Ukraine’s grain exports were running at 85% of pre-conflict levels prior to Russia’s decision to suspend its participation in the UN backed Black Sea Grain Initiative. Volumes shipped under the initiative have totaled over 9 MMT since the start of August, according to data compiled by Clarksons. Shipments had been running at 1.1 MMT per week from mid-September to late October vessel movement data showed.

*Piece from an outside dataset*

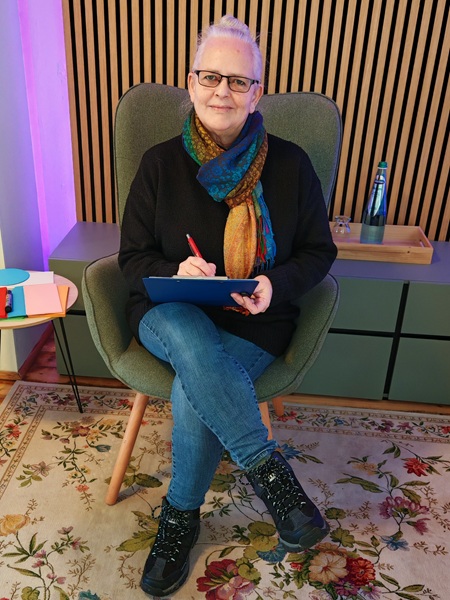 Alexandra sitzt auf einem Sessel, hat ein Klemmbrett im Schoß liegen und schaut lächelnd in die Kamera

Prior to Russia’s invasion, Ukraine had a 10% share of global seaborne grain exports with 50 MMT out of a total 528 MMT of grain moved by sea in 2021. “Exports under the initiative so far have been shipped from the ports of Chornomorsk (37%), Odessa (37%) and Yuzhny (25%), while major destinations have been Turkey, China, Egypt and Mediterranean EU countries including Spain and Italy,” said Clarksons.

Handysize vessels have carried the largest share of volumes since start-August of around 44%, with Handymax’s carrying 29% and panamaxes 26%. The average age of vessels involved so far has been 16.9 years versus 11.5 years for the wider bulk carrier fleet, Clarksons said. “Ukrainian seaborne grain exports typically reach seasonal peak levels in either the third quarter following the wheat harvest in the region or the fourth quarter following the corn harvest, and with storage levels extremely high given the effective suspension of exports across February-July, had the potential to pick up further in the coming months,” said Clarksons.

The deal was due for renewal in November for a further 120 days. “Russia’s suspension of involvement in the initiative on 29th October has led to major uncertainty around shipment volumes and vessel movements. “Even in the short-term, though a convoy of laden vessels sailed from Ukrainian ports on 31st October, and Turkish and UN delegations have so far continued to provide inspection teams in order to continue fulfilling the initiative,” the broker added.

Monday saw a record volume of 354,500 tons of agricultural products carried on vessels leaving Ukraine ports under the initiative, a spokesman for Odessa’s military administration, was quoted as saying by Reuters. Russia said on Saturday that it was pulling out of the deal after what it said was a “major Ukrainian drone attack” on its fleet in Crimea.